↓↓↓

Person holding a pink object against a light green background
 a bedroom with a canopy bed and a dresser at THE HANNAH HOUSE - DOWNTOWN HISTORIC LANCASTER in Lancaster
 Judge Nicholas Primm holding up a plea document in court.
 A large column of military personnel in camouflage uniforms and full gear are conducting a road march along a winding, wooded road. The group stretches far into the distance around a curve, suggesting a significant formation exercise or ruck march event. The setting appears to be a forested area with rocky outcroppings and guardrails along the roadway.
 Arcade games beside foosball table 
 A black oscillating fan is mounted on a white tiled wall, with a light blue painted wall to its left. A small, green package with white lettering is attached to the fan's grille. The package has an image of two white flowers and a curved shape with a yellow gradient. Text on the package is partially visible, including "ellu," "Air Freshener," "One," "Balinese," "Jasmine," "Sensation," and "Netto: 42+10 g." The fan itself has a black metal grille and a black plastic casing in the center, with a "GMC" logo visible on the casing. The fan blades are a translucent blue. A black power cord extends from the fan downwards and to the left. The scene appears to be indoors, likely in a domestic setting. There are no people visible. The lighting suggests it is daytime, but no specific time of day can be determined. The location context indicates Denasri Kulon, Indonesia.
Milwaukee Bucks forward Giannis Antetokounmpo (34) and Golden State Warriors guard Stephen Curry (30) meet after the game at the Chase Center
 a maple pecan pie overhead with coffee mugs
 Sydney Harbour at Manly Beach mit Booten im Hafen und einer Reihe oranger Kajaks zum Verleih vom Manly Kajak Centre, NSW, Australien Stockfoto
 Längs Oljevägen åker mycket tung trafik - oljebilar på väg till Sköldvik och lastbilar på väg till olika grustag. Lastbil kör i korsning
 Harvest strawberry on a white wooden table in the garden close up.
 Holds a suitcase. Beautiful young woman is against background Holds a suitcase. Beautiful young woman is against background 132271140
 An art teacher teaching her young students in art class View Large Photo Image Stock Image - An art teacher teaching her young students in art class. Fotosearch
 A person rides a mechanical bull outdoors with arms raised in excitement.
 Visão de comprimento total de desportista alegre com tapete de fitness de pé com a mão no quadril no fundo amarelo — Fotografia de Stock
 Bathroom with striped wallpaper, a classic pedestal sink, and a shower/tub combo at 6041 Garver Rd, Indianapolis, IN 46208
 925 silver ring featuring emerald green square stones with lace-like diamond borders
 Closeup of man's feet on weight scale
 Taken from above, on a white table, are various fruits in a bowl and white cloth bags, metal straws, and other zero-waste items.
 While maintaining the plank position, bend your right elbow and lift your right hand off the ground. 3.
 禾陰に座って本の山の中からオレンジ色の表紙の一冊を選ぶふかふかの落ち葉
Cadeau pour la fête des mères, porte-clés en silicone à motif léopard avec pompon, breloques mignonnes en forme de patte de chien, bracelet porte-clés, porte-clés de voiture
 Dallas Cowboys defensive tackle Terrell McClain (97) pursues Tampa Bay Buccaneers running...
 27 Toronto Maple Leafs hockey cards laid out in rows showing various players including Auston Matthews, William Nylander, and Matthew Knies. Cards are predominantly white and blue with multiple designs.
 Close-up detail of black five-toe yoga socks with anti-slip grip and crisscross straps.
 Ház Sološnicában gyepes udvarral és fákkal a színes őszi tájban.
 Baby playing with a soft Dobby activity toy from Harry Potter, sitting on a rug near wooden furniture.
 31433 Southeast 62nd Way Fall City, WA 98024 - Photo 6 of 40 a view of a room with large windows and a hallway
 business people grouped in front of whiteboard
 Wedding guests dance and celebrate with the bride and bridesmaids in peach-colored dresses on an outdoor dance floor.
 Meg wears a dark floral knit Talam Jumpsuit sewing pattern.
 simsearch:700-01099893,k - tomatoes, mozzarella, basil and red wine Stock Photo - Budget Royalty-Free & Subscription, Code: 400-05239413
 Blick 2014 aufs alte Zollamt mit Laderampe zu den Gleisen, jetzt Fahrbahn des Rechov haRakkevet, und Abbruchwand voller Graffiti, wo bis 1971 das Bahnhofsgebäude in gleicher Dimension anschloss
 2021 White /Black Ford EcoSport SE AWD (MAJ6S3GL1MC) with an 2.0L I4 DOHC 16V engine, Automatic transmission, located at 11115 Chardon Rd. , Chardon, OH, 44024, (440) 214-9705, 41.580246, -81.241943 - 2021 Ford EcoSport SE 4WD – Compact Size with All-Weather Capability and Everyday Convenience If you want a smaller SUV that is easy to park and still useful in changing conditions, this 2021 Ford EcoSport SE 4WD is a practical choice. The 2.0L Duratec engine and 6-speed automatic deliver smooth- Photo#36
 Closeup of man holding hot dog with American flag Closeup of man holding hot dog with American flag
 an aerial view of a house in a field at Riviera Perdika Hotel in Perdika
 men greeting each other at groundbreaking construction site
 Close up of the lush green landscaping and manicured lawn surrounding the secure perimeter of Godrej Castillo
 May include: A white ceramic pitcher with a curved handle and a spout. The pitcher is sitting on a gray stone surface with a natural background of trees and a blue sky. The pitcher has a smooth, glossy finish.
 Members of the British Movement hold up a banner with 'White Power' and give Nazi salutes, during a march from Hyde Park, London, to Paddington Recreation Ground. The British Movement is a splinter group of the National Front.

↑↑↑

• Description of the task
Everything in the material above from the line that has "Visão de comprimento" through the line that has "Close-up detail of" must be duplicated exactly, with no other lines given.

• Exercise solution
 Visão de comprimento total de desportista alegre com tapete de fitness de pé com a mão no quadril no fundo amarelo — Fotografia de Stock
 Bathroom with striped wallpaper, a classic pedestal sink, and a shower/tub combo at 6041 Garver Rd, Indianapolis, IN 46208
 925 silver ring featuring emerald green square stones with lace-like diamond borders
 Closeup of man's feet on weight scale
 Taken from above, on a white table, are various fruits in a bowl and white cloth bags, metal straws, and other zero-waste items.
 While maintaining the plank position, bend your right elbow and lift your right hand off the ground. 3.
 禾陰に座って本の山の中からオレンジ色の表紙の一冊を選ぶふかふかの落ち葉
Cadeau pour la fête des mères, porte-clés en silicone à motif léopard avec pompon, breloques mignonnes en forme de patte de chien, bracelet porte-clés, porte-clés de voiture
 Dallas Cowboys defensive tackle Terrell McClain (97) pursues Tampa Bay Buccaneers running...
 27 Toronto Maple Leafs hockey cards laid out in rows showing various players including Auston Matthews, William Nylander, and Matthew Knies. Cards are predominantly white and blue with multiple designs.
 Close-up detail of black five-toe yoga socks with anti-slip grip and crisscross straps.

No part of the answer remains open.